When you reach the line containing "Grimm's óriás vitorlás építő" in the data below, begin returning lines exactly as written, and stop once the line containing "Powery Utángyártott akku" has been returned.

════

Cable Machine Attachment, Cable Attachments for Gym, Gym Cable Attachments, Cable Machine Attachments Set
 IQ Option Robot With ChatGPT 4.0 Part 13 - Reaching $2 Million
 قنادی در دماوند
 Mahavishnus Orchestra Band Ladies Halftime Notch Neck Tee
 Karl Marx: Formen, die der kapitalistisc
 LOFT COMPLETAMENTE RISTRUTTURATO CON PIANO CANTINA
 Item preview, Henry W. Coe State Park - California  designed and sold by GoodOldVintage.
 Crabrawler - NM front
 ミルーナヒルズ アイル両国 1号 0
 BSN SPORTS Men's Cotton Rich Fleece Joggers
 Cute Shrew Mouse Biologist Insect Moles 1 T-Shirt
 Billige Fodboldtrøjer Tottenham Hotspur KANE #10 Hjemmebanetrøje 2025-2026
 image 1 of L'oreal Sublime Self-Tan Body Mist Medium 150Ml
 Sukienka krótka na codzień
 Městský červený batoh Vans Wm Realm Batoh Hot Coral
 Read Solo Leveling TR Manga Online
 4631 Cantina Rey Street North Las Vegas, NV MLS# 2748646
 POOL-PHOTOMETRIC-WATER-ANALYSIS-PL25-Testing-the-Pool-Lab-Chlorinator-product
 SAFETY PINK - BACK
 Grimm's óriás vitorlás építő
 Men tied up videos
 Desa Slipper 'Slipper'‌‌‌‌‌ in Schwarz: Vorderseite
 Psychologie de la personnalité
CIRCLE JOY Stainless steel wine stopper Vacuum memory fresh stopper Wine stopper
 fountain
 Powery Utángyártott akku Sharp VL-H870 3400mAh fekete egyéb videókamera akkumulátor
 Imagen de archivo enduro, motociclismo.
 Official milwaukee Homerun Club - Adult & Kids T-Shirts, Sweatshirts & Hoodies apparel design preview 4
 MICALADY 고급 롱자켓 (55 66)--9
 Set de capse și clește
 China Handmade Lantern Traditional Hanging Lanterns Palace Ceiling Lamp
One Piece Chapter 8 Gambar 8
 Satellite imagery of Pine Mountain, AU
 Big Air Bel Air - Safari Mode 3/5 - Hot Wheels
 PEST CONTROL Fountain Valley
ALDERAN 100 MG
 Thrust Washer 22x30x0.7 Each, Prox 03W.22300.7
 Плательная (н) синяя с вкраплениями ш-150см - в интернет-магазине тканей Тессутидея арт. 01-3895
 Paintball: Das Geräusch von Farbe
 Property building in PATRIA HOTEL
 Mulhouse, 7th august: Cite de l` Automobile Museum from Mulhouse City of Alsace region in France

════

# [RESPONSE FOR THIS EXERCISE]
 Grimm's óriás vitorlás építő
 Men tied up videos
 Desa Slipper 'Slipper'‌‌‌‌‌ in Schwarz: Vorderseite
 Psychologie de la personnalité
CIRCLE JOY Stainless steel wine stopper Vacuum memory fresh stopper Wine stopper
 fountain
 Powery Utángyártott akku Sharp VL-H870 3400mAh fekete egyéb videókamera akkumulátor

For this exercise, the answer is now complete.